Developing 'Alyssa' for the Humanitarian Futures Programme

Client

The Humanitarian Futures Programme, King’s College London

1

Futures Approach

Project proposition development

Form of engagement

Client commission

The Humanitarian Innovation Challenge: Project Alyssa

 

2012

 

I’ve recently been working with the Humanitarian Futures Programme (HFP) based at King’s College, London to further develop a project proposition centred on exploring future capacity issues within the humanitarian sector.

The project – the Humanitarian Capacity Challenge (HCC) – seeks to investigate a number of key drivers which are already influencing this area such as:

Demand-side forces: over recent years, the number of instances requiring humanitarian aid & the level of response needed have begun to place strains on the overall capacity of the system (as presently configured). Evaluations on the projected numbers, kinds & impacts of future disasters also introduce an important new level of demand to be anticipated.

Range of actors: traditionally regarded as the ‘operational domain’ of a range of select Western-based international non-governmental organisations (INGO’s), it is increasingly recognised that a wider range of ‘actors’ must now be considered if humanitarian response is to meet the demand-side challenges already noted. These include governments, the military, corporate entities, diaspora groups & scientific communities amongst others.

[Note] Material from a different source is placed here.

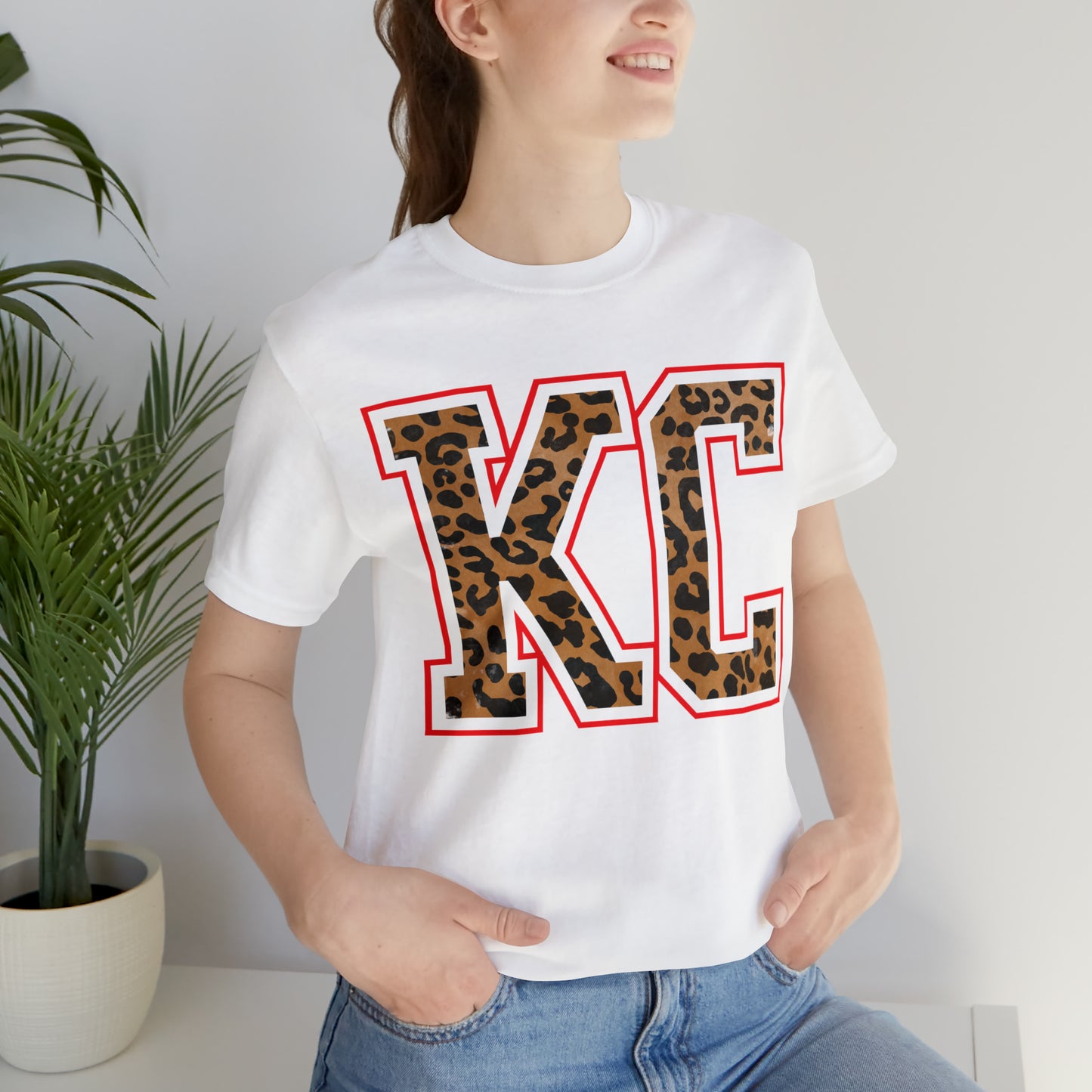 KC Leopard Short Sleeve Tshirt - Kristi Pierce Designs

Relationship dynamics: while there is a growing awareness of the diversification of ‘actors’ looking to be active in this area there are only nascent approaches which seek to better understand the range of collaborative dynamics and cross-organisational or community behaviours which may be needed for future multi-actor ‘collective’ responses to be effective.

From the above, the HCC would seek to investigate how both the resources & attributes of such actors and their range of potential collaborations & interactions may create (or even destroy) a range of key ‘value’ criteria such as ‘value-addeds’, comparative advantages & complimentarities.

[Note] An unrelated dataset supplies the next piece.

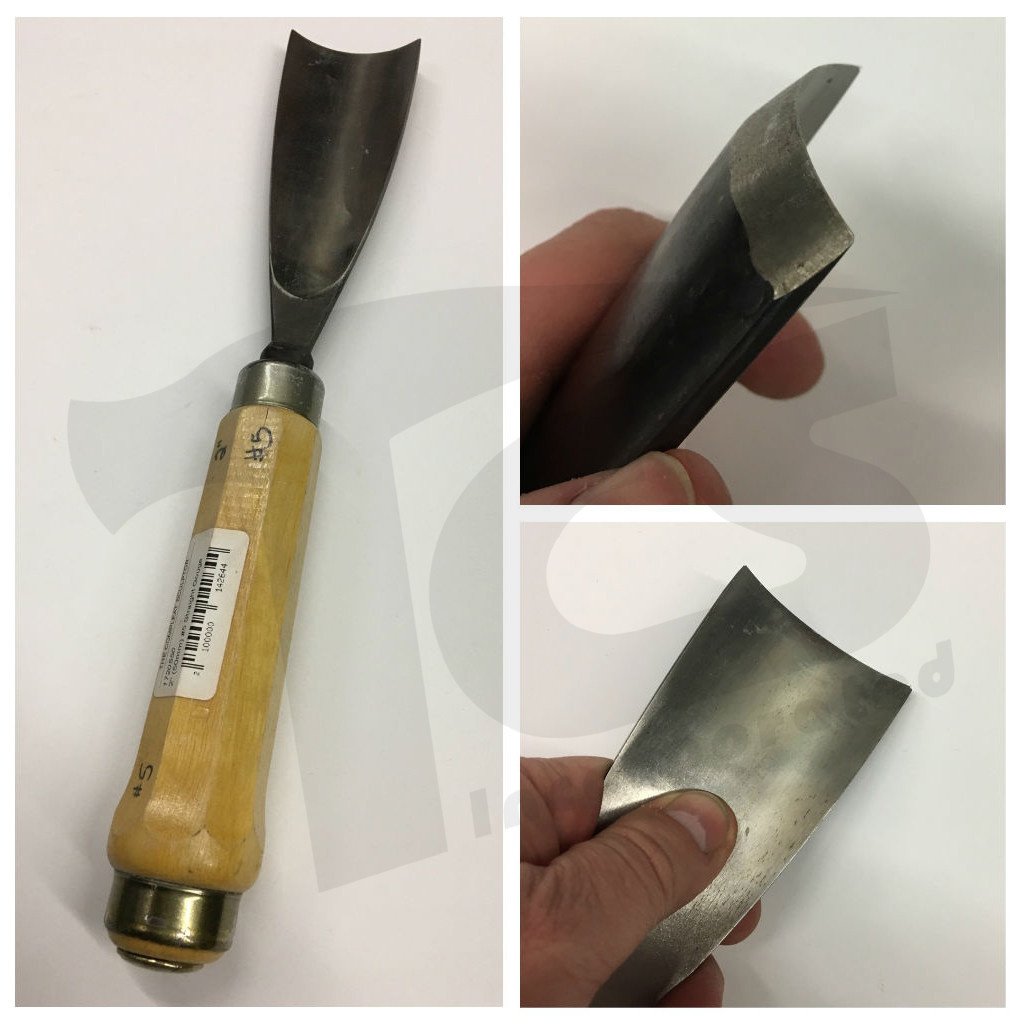 #5 Straight Wood Gouges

I was asked to review existing project ideas with a view to creating an enhanced proposition that met a number of aims:

  • strengthen the futures methodologies underpinning the project to enable a more extensive and robust investigative process
  • design the project to suit the interests & needs of a wider and more diverse audience of potential participants
  • develop the level of interactivity which could be offered
  • extend the longer-term ‘shelf-life’ of the project by recommending a range of integrated supporting activities

As such, the project has now been re-framed through a number of key futures-orientated themes, namely:

Complexity: Capacity is not a finite series of resources but both a flexible and variable set of components that we believe should be seen as fluid & emergent over time. Additionally, seeing capacity as something that either ‘exists’ or not introduces a distorting simplification to how we frame its value. As such, the project has now been set within a resilience and complex adaptive systems framework to better capture the levels of overall complexity involved.

Scale: Capacity has applicability across multiple scales and so the project has now been designed to work from the global to the local level to better enable more appropriate levels of ‘contextual’ relevance to be explored.

Non-Linearity: the project proposes using a number of distinct futures methodologies directed towards engaging participants across multiple temporal & conceptual perspectives rather than just considering a single, timeline against which a range of alternative ‘futures’ are constructed. Additionally, the design now incorporates elements of simulation modelling to enable the use of ‘wild cards’ within the process. This better reflects ‘real world’ experiences of how capacity dynamics emerge in relation to both sudden-impact, discontinuous crises as well as ongoing emergencies.

The Humanitarian Capacity Challenge is part of HFP’s ‘Programme area four: Resources, tools and methodologies’ project portfolio.